Re: [git-users] Synchronizing air gapped git repositories using bundles

Philip Oakley Thu, 02 Feb 2017 16:17:30 -0800

Hi Lowell,

An aside question: If all the machines were co-located, would they still be 
air-gapped those few feet between them, or would they be linked? I ask because 
it helps clarify the way you would serve between the machines.


The bundle is simply a compact version of the on-wire transfer, where the 
negotiation of 'wants', and 'haves'  (which is normally on-the-wire) is done by 
the user. When you fetch from the bundle it is just like fetching from a 
remote, and ony the requested parts (the refspec) is extracted from the bundle.

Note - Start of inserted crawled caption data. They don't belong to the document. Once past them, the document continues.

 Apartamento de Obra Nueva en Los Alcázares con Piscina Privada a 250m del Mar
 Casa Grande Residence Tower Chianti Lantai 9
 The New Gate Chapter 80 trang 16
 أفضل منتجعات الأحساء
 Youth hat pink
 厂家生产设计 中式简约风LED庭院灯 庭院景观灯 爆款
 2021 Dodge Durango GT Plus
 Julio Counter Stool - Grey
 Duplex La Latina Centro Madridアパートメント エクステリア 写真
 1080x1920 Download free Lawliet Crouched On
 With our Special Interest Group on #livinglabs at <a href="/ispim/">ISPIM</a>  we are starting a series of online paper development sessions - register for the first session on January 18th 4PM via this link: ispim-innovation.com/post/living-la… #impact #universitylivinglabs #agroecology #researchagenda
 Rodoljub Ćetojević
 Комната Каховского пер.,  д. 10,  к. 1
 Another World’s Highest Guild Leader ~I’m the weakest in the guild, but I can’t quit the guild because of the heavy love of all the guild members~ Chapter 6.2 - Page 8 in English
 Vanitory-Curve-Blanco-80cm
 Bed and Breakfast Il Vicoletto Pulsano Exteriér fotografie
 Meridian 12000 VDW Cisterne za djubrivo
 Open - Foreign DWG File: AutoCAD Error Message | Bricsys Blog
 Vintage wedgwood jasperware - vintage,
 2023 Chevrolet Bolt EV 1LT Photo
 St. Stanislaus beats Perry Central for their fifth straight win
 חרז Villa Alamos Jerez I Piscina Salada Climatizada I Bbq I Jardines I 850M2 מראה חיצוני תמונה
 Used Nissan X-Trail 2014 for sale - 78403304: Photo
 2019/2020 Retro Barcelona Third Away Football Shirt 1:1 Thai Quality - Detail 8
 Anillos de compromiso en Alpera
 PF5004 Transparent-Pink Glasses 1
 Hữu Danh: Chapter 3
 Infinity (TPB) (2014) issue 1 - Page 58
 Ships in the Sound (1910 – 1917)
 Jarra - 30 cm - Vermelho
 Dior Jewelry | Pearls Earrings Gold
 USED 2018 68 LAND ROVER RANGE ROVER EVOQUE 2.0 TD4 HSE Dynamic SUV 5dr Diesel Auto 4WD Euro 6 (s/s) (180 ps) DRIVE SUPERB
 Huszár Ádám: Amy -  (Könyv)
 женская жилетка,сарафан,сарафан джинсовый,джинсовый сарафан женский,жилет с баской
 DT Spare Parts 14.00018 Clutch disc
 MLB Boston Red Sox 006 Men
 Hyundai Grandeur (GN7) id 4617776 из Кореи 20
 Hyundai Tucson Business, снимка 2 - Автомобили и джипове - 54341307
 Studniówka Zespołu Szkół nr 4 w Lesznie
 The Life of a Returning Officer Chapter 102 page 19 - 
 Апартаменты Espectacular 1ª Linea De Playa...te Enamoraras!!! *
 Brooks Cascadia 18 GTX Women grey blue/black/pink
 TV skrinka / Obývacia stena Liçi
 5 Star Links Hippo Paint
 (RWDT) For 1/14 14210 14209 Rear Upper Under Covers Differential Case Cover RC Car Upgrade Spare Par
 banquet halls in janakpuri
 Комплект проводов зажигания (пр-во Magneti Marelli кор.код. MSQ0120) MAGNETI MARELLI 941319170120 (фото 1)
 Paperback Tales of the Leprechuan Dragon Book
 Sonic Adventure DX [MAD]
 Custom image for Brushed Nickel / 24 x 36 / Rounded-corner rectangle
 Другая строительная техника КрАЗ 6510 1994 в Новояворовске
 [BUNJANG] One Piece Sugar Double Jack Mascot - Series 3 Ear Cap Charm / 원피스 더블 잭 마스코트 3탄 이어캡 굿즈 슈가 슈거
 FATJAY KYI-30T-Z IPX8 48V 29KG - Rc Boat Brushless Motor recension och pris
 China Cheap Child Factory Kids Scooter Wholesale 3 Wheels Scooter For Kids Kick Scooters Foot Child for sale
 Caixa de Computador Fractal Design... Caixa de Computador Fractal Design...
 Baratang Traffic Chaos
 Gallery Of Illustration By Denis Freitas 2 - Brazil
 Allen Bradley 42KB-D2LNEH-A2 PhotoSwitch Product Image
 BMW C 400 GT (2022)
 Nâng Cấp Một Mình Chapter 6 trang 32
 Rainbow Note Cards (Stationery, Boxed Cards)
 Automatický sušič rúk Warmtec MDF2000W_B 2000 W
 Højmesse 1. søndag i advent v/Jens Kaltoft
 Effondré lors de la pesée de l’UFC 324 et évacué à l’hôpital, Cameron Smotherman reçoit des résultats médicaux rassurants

It may help clarify discussions about what is being transferred.

My example would be:

git bundle create mc1-20161201-20170202.bndl --ALL --since="2016.12.01" master

so the bundle filename contains the full details of what where when...

I've not come up against a 'verify' scenario where the bundle has a partial 
orphan branch from the recipients view, so that if the refspec wanted every ref 
then that one would be metaphorically shallow (and hence not be connected).

The bundles are usually quite small and compact (relative to say a zip file of 
every revision - e.g. right click the top directory and sent to a Compressed 
(zipped) folder - been there, done that), so it shouldn't be an issue (try the 
alternate to compare!)

"Bundle stacking" was the second one as you thought - fetch from Nov16.bndl, 
then Dec16.bndl, then Jan17.bndl, etc.

Using the --branches option is one way to go, but you may get later 
synchronisation problems with the other branches if you don't get sufficient 
depth into the bundle - i.e. getting the right since date, or tag, or merge 
base "master..sidebranch" (two dot notation).


The other point you probably already know is that you can practice this all on 
a single machine! Just init a test repo, add a few commits and branches (with 
faked commit dates etc), then bundle parts of it, now init another repo and try 
fetching fom that bundle, back to the first repo and get another partial 
bundle, and transfer that, etc. etc. This means you can test out all the issues 
easily from the comfort of the chair!

The final bit is that you don't (shouldn't) get any "result in unreferenced 
revisions in the destination repositories", all those revisions fetched from 
the bundle will be linked to a known ref. There may be revs in the bundle that 
aren't brought in, which isn't quite the same question.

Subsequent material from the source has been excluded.